Exactly the lines from the start of the data through the line containing "Crab Rangoon Eggroll" should be output, with both ends kept and nothing added.

################

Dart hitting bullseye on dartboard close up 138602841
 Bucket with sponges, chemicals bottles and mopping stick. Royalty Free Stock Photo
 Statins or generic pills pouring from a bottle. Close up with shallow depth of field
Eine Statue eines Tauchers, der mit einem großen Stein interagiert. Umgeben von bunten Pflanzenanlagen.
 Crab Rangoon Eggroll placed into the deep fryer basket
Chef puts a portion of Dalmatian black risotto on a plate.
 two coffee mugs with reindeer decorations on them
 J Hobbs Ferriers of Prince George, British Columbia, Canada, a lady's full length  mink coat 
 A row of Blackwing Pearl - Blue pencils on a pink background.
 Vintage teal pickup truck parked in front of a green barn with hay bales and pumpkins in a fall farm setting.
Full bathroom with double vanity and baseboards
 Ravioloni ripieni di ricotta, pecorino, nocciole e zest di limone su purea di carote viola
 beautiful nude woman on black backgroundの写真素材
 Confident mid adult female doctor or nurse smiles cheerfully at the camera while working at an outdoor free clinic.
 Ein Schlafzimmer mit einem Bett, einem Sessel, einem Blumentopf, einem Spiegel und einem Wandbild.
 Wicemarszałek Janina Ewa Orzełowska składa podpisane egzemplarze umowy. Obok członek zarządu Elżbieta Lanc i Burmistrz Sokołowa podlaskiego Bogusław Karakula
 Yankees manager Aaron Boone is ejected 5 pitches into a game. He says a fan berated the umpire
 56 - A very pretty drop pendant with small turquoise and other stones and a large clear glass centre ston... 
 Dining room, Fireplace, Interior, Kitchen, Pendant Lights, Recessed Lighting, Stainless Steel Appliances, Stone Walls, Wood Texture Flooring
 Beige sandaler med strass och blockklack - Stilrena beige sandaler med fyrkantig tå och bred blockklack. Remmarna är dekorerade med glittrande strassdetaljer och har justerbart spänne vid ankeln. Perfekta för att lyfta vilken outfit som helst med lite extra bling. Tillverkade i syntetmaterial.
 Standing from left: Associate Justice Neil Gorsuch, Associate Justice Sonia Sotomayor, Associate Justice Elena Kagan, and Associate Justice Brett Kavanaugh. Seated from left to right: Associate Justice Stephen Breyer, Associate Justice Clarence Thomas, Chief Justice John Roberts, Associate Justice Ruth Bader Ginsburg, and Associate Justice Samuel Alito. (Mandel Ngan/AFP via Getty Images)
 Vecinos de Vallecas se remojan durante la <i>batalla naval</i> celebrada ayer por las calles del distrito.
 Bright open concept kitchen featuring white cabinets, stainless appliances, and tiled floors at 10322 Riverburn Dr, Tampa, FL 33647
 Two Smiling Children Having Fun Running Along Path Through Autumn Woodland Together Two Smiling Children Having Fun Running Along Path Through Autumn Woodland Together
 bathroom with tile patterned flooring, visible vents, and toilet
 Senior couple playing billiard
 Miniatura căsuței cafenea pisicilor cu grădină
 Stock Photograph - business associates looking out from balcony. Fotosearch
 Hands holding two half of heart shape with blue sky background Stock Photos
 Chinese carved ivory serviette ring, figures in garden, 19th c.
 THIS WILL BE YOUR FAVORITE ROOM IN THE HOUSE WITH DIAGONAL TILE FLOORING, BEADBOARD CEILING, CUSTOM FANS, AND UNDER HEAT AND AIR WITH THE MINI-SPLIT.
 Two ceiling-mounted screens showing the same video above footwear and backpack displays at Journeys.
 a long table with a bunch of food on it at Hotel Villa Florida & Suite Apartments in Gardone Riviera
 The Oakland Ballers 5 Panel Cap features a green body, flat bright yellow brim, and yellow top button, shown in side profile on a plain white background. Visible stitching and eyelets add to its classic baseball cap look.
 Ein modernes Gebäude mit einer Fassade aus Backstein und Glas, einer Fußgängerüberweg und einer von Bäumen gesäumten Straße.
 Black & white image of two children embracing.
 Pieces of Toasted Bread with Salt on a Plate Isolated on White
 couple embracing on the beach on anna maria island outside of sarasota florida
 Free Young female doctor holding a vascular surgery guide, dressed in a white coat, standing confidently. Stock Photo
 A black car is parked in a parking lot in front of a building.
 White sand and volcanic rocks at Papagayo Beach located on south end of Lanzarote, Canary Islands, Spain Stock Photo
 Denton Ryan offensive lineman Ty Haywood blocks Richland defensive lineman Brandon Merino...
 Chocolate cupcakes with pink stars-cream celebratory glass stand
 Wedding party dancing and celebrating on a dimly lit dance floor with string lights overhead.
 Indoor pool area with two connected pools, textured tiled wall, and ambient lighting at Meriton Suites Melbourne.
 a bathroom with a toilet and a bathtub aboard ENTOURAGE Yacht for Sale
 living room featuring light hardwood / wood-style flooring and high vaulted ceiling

################

Output below |
Dart hitting bullseye on dartboard close up 138602841
 Bucket with sponges, chemicals bottles and mopping stick. Royalty Free Stock Photo
 Statins or generic pills pouring from a bottle. Close up with shallow depth of field
Eine Statue eines Tauchers, der mit einem großen Stein interagiert. Umgeben von bunten Pflanzenanlagen.
 Crab Rangoon Eggroll placed into the deep fryer basket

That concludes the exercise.